RECORDS PROVIDED Block Start

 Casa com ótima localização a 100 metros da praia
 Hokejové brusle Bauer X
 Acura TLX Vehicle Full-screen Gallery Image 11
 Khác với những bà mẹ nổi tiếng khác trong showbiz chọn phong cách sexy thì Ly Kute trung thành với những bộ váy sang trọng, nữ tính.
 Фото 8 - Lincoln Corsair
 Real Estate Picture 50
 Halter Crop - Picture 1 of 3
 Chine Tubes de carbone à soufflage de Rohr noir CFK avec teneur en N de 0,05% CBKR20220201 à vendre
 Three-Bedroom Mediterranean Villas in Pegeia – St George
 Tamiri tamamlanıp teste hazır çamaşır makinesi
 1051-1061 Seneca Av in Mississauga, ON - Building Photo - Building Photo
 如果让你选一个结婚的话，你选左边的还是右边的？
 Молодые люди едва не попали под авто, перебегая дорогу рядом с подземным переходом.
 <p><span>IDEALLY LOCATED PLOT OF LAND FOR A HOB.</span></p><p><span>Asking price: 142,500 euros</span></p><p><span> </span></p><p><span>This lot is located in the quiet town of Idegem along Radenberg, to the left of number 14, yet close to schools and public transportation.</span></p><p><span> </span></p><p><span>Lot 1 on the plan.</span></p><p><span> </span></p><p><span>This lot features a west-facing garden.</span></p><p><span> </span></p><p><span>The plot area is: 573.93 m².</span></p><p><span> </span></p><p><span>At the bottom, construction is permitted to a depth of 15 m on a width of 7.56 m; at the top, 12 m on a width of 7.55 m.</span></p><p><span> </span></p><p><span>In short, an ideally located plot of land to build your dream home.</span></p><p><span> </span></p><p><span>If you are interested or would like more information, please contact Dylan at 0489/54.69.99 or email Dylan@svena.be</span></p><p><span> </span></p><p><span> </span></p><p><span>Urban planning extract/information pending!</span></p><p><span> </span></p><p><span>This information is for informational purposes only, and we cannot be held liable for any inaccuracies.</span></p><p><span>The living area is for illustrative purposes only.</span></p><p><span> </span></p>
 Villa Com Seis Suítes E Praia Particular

RECORDS PROVIDED Block End

▸ **WHAT THIS TASK INVOLVES**:
All lines above from the one holding "Khác với những" to the one holding "Three-Bedroom Mediterranean Villas", inclusive, are to be copied exactly; no other line is wanted.

▸ **RESPONSE TO THE TASK**:
 Khác với những bà mẹ nổi tiếng khác trong showbiz chọn phong cách sexy thì Ly Kute trung thành với những bộ váy sang trọng, nữ tính.
 Фото 8 - Lincoln Corsair
 Real Estate Picture 50
 Halter Crop - Picture 1 of 3
 Chine Tubes de carbone à soufflage de Rohr noir CFK avec teneur en N de 0,05% CBKR20220201 à vendre
 Three-Bedroom Mediterranean Villas in Pegeia – St George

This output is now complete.